(Records from a data source)
--- --- ---
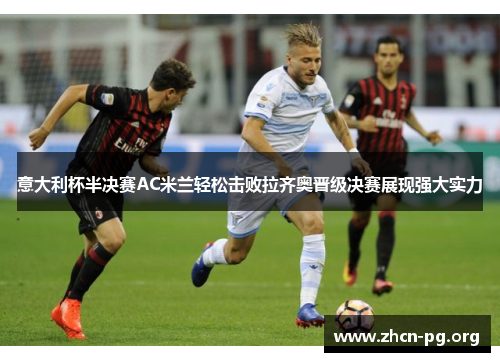 意大利杯半决赛AC米兰轻松击败拉齐奥晋级决赛展现强大实力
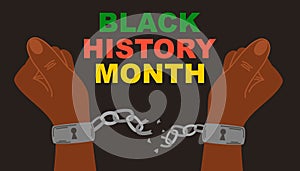 Black History Month. Hands in shackles breaking chains. African American History.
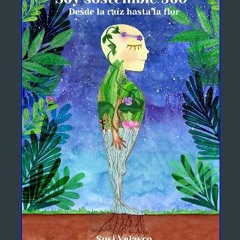 PDF ⚡ Soy sostenible 360º: Desde la raíz hasta la flor (Spanish Edition) get [PDF]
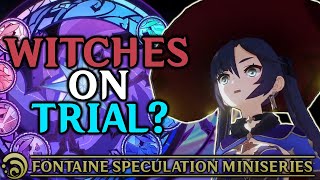 The Fontaine Witch Trials and the Hexenzirkel Genshin Theory and Speculation [upl. by Ilarin]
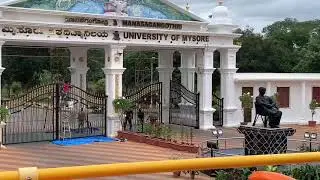 Manasagangotri Entrance | University of Mysore | Mysuru City |
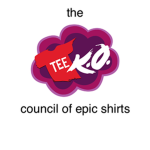 Tee K.O. council of Epic Shirts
--- --- ---
▶ [TRY IT]: Every entry, exactly as written: transcribe it, passing over any pictures.

▶ [YOUR RESPONSE]:
 意大利杯半决赛AC米兰轻松击败拉齐奥晋级决赛展现强大实力
 Black History Month. Hands in shackles breaking chains. African American History.
 PDF ⚡ Soy sostenible 360º: Desde la raíz hasta la flor (Spanish Edition) get [PDF]
 The Fontaine Witch Trials and the Hexenzirkel Genshin Theory and Speculation [upl. by Ilarin]
 Manasagangotri Entrance | University of Mysore | Mysuru City |
 Tee K.O. council of Epic Shirts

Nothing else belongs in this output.